At a canter, her head being low is a sign she is NOT remotely collected. When her head goes below level, she is almost always strung out and heavy on the forehand. When she collects (moderately, she's no dressage horse), her head comes UP, but her pace slows and she shifts into 'float above the ground' mode.

I realize a lot of folks value a lower head. That may puzzle me, but I don't mind it. Lots of folks have no desire to follow my example in riding, either!

But collection takes place for most horses without a headset. It may be that at high levels of collection it differs, but even then I doubt 'collection' requires a tucked in nose. Collection is about balance and how the horse uses the power his hind end is generating.

To teach a western jog, I'd suggest riding with your weight back some and milking each rein individually to tell each shoulder, in sequence, 'not so far'. When my horses were learning to canter, they got very excited about it and turned trotting into a nightmare of fast, heavy on the front end jarring. By using each rein to tell the horse to extend its legs a little less each stride, I could usually get them into a normal trot in a dozen strides, and down to a jog in another dozen or so.

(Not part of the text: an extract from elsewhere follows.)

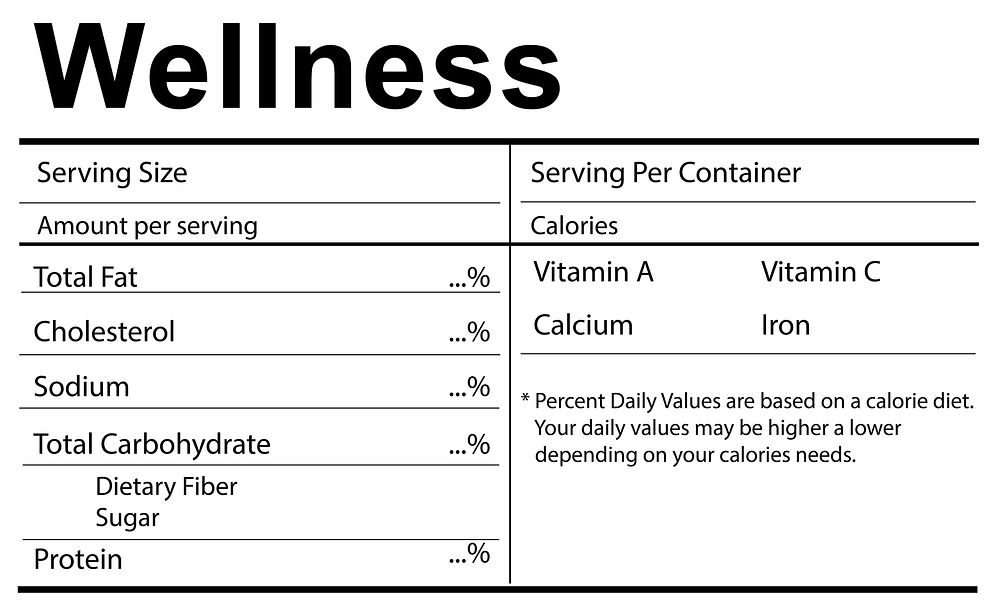 Wellness Nutrition Facts Eating Dietary Concept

All that said, I'm not a trainer or instructor, and I only have 3 horses and I don't compete in anything - so take my advice for what you paid for it...:wink:

I'll add that I took my mare on a sunset ride in the desert today. It was her second time out at sunset. She had her head up and on a swivel for the first half, so I started singing slow songs to her. I guess I'm boring, because after about 5-10 minutes, her head slipped to level and her back relaxed. Maybe you should learn to sing badly...


----------



## PunksTank (Jul 8, 2012)

Relaxed and collected are very different, collected is a faster tempo, they put their feet down closer together (Essentially, there's far more to it about how they hold their body and all) relaxed is when they're soft and low taking long slow steps.









It sounds like you don't want to be teaching her to be putting her head down, you want to teach her to slow down her trot, making it more comfortable to sit to?

If this is what you want I think it's time to teach your horse a half halt. Apply gentle pressure with your legs to encourage forward movement, when you get that momentary speed up, squeeze and release your reins, like you're ringing out a spunge. Repeat this process until she slows and stretches her trot. Practice this posting first, to teach her a long low trot post long and low. While you're riding and she's trotting quickly hold yourself up a little longer and lower out of the saddle, slow your post and she should slow her trot to match it. Practice slowing your post to slow her trot along with practicing half halts to get her to move slow and steady. Also don't loose your seat, sit low, deep and heavy, even when posting when you sit really sit (not slamming down hard, just sit deeper at the sit). A LOT of people use squeezing one rein at a time, but it sound like you ride western? I also find one rein at a time a tough thing, you need your timing Perfect to match the horse's shoulder. It can also nag on your horse's mouth causing her to be less responsive to cues.


----------



## Lexiie (Nov 14, 2011)

I sing to my mare lots. 
I should have corrected myself. When we're working, she is collected and level, like the little hunter horse she is (; I just call that "normal"
When I say she's collected, I mean I have her stride collected and her nose perpendicular with the ground. 
When I say she's collected, her head is up more than normal, but that's because her neck just doesn't bend that way! haah

Thank you for your advice, I really like the way you explained that by the way.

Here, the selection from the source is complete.